The paper leverages IterComp to synthesize composition-aware preferences from multiple models, enabling iterative self-refinement of both the base diffusion model and reward models. This process is founded on a curated gallery of six open-source diffusion models, evaluated across three key compositional metrics: attribute binding, spatial relationships, and non-spatial relationships. The framework constructs a dataset of image-rank pairs to train composition-aware reward models, facilitating a closed-loop enhancement of compositionality over several iterations.
IterComp's methodology involves a detailed evaluation of model efficacy through human rankings, focusing on core compositional aspects. This results in a comprehensive composition-aware model preference dataset. The trained reward models inform a multi-reward feedback learning process, optimizing the base diffusion model's performance across complex generation scenarios.
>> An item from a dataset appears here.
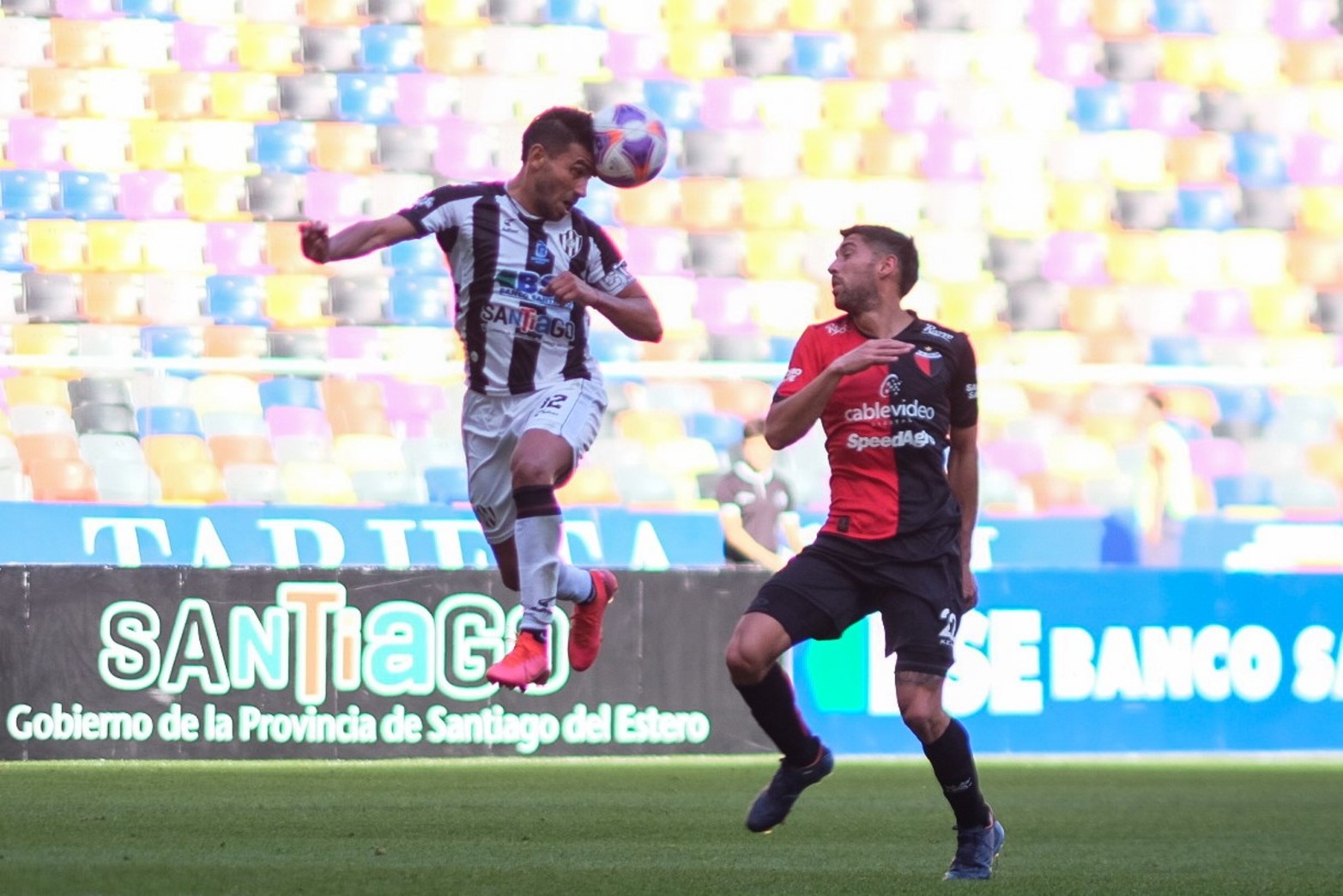 Jonathan Bay disputa un balón con Juan Pablo Alvarez, mediocampista de Colón.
The experimental results underscore IterComp's significant advancement over state-of-the-art methods, particularly in multi-category object composition and semantic alignment. The theoretical underpinnings demonstrate its efficacy, with the paper providing complete proofs of the iterative feedback learning's effectiveness. Notably, IterComp's architecture also facilitates broad generalization, integrating efficiently with other models like RPG and Omost.
Quantitative evaluation on the T2I-CompBench illustrates IterComp's superiority, showcasing significant improvements in attributes like color, shape, and texture binding as well as spatial and non-spatial relationships. Enhanced realism and aesthetic quality, as evidenced by higher scores on CLIP and Aesthetic metrics, further affirm IterComp's capability.
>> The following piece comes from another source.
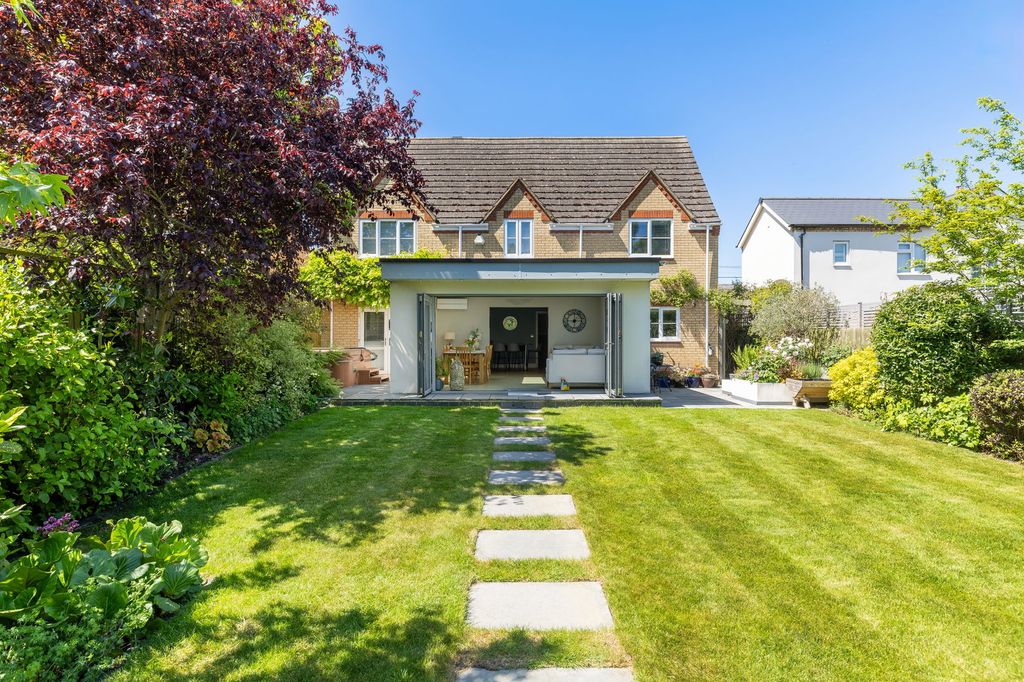 Property photo 2 of 19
A key aspect of IterComp's innovation lies in its ability to perform iterative feedback learning, progressively refining the base diffusion model by leveraging diverse preferences. The unified optimization framework, with derived gradient objectives, illustrates how the approach effectively distinguishes between high and low-quality outputs, continuously aligning the model's generation process with preferred compositional outcomes.
While Diffusion-DPO and ImageReward have made strides in aligning diffusion models with human preferences, IterComp distinctly emphasizes compositional awareness, making it a robust backbone for tackling complex text-to-image generation tasks. By iteratively enhancing the base model and integrating multiple composition-aware models, it provides an efficient and comprehensive solution to the longstanding challenges in this domain.
The paper concludes with a vision for incorporating more complex modalities and extending IterComp's application in practical scenarios, marking a promising direction for the future of AI-based generative models. This research enriches the theoretical and practical understanding of diffusion model optimization, offering substantial insights and methodologies for future applications.